Reminds me of After The Burials RG2228's.

That's a very good thing.


----------



## kruneh (Aug 3, 2012)

Such an awesome colour


----------



## Alimination (Aug 3, 2012)

Thanks all!


----------



## morbider (Aug 3, 2012)

Looks great! I've always loved orange finished guitars.


----------



## mphsc (Aug 3, 2012)

HEll oween yea. Good choice.


----------



## TimSE (Aug 3, 2012)

Awesome! 

Are you going to get some pickup rings or just have the extra space around the pups? Bit of a shame either way. 

I think some deathbars would be a better fit   still an epic win!


----------



## ShadowFactoryX (Aug 3, 2012)

looks killer, great job dude!


----------



## TankJon666 (Aug 3, 2012)

That colour is fucking incredible. 

Did you refinish it yourself?


----------



## cwhitey2 (Aug 3, 2012)

Awesome!


----------



## Tranquilliser (Aug 3, 2012)

Sexy!


----------



## NUTSguitarchannel (Aug 3, 2012)

TimSE said:


> Awesome!
> 
> Are you going to get some pickup rings or just have the extra space around the pups? Bit of a shame either way.
> 
> I think some deathbars would be a better fit   still an epic win!


 never heard of emg sized covers?


----------



## capoeiraesp (Aug 3, 2012)

You work for Konami?
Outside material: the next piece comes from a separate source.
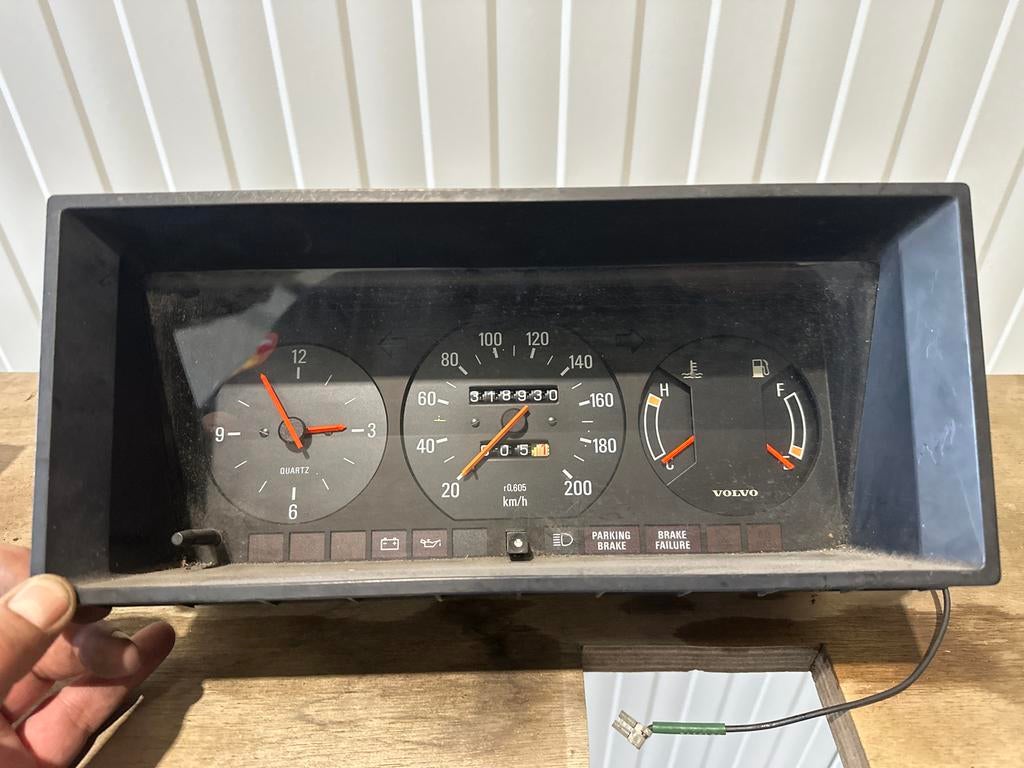 Volvo 244 Instrumentenpaneel - 318.930 km, Ophalen of Verzenden, Gebruikt, Volvo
I don't know which I'm more jealous of, the guitar or the job.


----------



## FatKol (Aug 3, 2012)

Mother of god!

That. looks. gorgeous! Can't wait to re-finish mine with a swirl


----------



## MetalBuddah (Aug 3, 2012)

How did I miss this thread??? Guitar looks stunning!


----------



## mniel8195 (Aug 3, 2012)

metal gear solid 5??? love that color!


----------



## synrgy (Aug 3, 2012)

Looks _fantastic_! 

I have a couple buddies who I knew in Hawaii who work for Konami. They always spoke highly of it. I hope you enjoy it as much as they do.


----------



## russmuller (Aug 3, 2012)

Looks SUPER SWEET!


----------



## Leuchty (Aug 3, 2012)

MOAR pics of pups installed!!! 

Looks amazing! certainly makes a statement!


----------



## technomancer (Aug 3, 2012)

Awesome choice, LOVE that color


----------



## Hollowway (Aug 3, 2012)

Awesome! I love orange guitars. (And anything orange for that matter). Did you due the FB too? It looks particularly black.


----------



## Alimination (Aug 4, 2012)

@Hollowway- Me too  Orange is my favorite color, and yeah I stained the FB darker.
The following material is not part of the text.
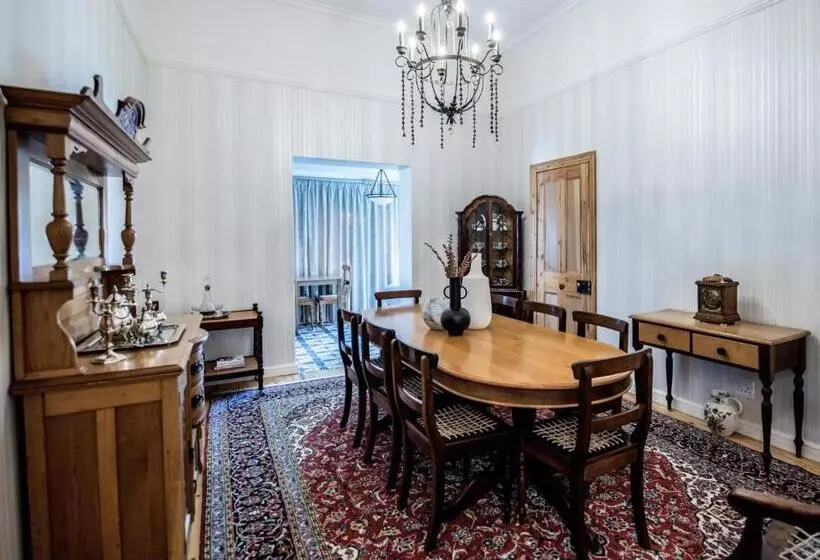 Majatalo Vier Seisoene Gastehuis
@Cybersyn- For sure, Taking it to the shop tomorrow. I totally failed trying it on my own. =( Can't wait to play it!

@TankJon666- Naw, I took it to a local custom car shop to do it for me. I totally messed up two test guitars in the past. I'm horrible at it, so I just decided to let a pro do it for me.

@TimSE- I'm going with the EMG covers, If you look at the pictures the neck actually has the PAF8 in it for testing. Seeing if it would even work and all. 

Thank you again everyone!


----------



## TomAwesome (Aug 4, 2012)

That looks like an orange creamsicle. Nom.


----------



## Joe Harvatt (Aug 5, 2012)

Fucking amazing.


----------



## s_k_mullins (Aug 5, 2012)

Love it! That color is a fucking WIN!


----------



## FireInside (Aug 5, 2012)

Very nice!


----------



## DslDwg (Aug 5, 2012)

Ibanez see guitars do look great in colors other than black. 

Awesome!


----------



## satriani08 (Aug 5, 2012)

Very nice! I love the brightness of the orange


----------



## Rook (Aug 6, 2012)

OH MY GOD


----------



## sibanez29 (Aug 6, 2012)

Looks great! Just be sure to put the strings on correctly when you get the pickups in


----------



## themike (Aug 6, 2012)

The only thing cooler than that refinish is getting a job at Konami, congrats!!!!


----------



## Mattmc74 (Apr 15, 2013)

Love the orange!


----------



## gordon_mlz (Apr 15, 2013)

That, sir, is the tits.


----------



## ferret (Apr 15, 2013)

Love it. I've been considering doing my 7621 similar, but a little more metallic/coppery.


----------



## teamSKDM (Apr 15, 2013)

so you make yugioh cards huh?


----------



## Jason Spell (Apr 16, 2013)

Konami, like up up down down left right left right B A select start Konami? 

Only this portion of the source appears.